First, you get the diagnosis: “Your child is critically ill, and needs a bone marrow transplant.”
Next, you connect with Patty Kleinke, lead nurse clinician for University of Minnesota Health’s Pediatric Blood and Marrow Transplant (BMT) program.
Kleinke regularly interacts with people during what may be the most traumatic moment of their lives. With patience, empathy and an understanding of the process—Kleinke formerly worked as a nurse at Masonic Children’s Hospital—she’s often able to make the referral day a lot easier for families.
What conditions require a child to undergo a blood or bone marrow transplant?
We work with families of children who have a wide variety of diagnoses. Childhood cancers like leukemia, lymphoma and a variety of cancerous tumors, or other non-cancerous disorders, like sickle cell disease, aplastic anemia, even very rare conditions cases like Fanconi anemia or Epidermolysis bullosa.
Is the procedure complicated or dangerous?
Transplant is a very high risk process. Children going through transplant receive high dose chemotherapy and sometimes radiation prior to transplant.
This often produces side effects—nausea, pain or mouth sores, for example—that our provider team and nurses identify and manage. Every child reacts differently. Before a child is admitted to begin their prep for transplant (the chemo and/or radiation), we also evaluate them from head to toe, making sure there isn’t any kind of infection that would delay or potentially prevent a transplant from happening.
What sort of problems do you help families navigate?
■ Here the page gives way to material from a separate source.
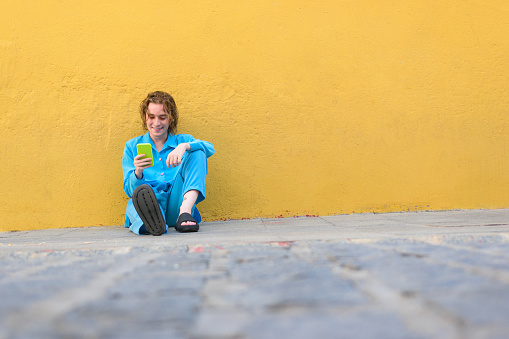 Young man in blue clothes with a mobile phone on a yellow wall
We work with patients and families from all over the country and the world. Sometimes families have financial barriers, language differences, cultural diversity that we want to understand and respect, difficulty obtaining travel visas and limited medical history. We have a comprehensive team that works with each referred patient to support the individual needs of the patients. Our program works with families to obtain insurance approval, or we can help gather up the medical records we need. Sometimes, they worry about transportation to Minnesota. They need a place to stay while their child is being treated. We have financial case managers, social workers and an administrative team to help them. Once these things are taken care of, the families know they are not alone and have fewer things to worry about. They can just focus on their child.
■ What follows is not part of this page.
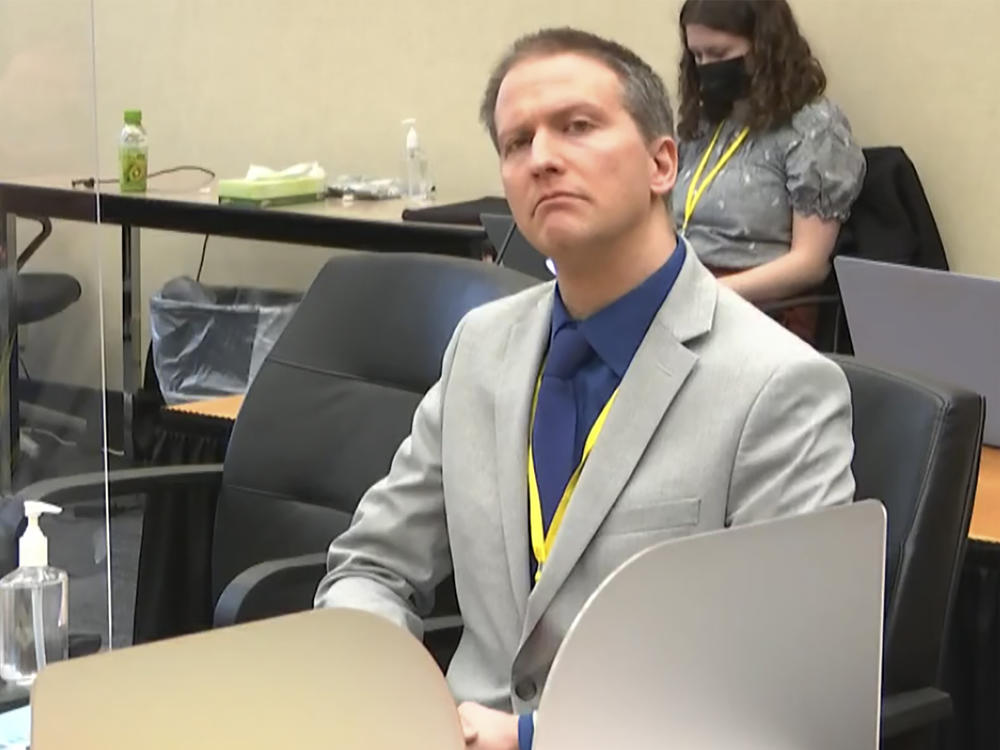 Former Minneapolis police officer Derek Chauvin listens to his defense attorney make closing arguments on Monday during his trial in the death of George Floyd.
What’s your specific role in a family’s medical journey?
I am the first contact most families have with our program. When we first talk, transplant becomes very real to them. In a very broad way, I explain what they can expect from the first visit with our physician, nurse coordinator and social worker. I make sure they know who they can contact directly if additional questions come up.
Your job sounds very stressful. Do you find it rewarding?
I feel honored and privileged to be working with families at such a sensitive time. My goal is to support families as they transition to our program. Working with this program has helped me redefine what is truly important in my life, this is a very rewarding job.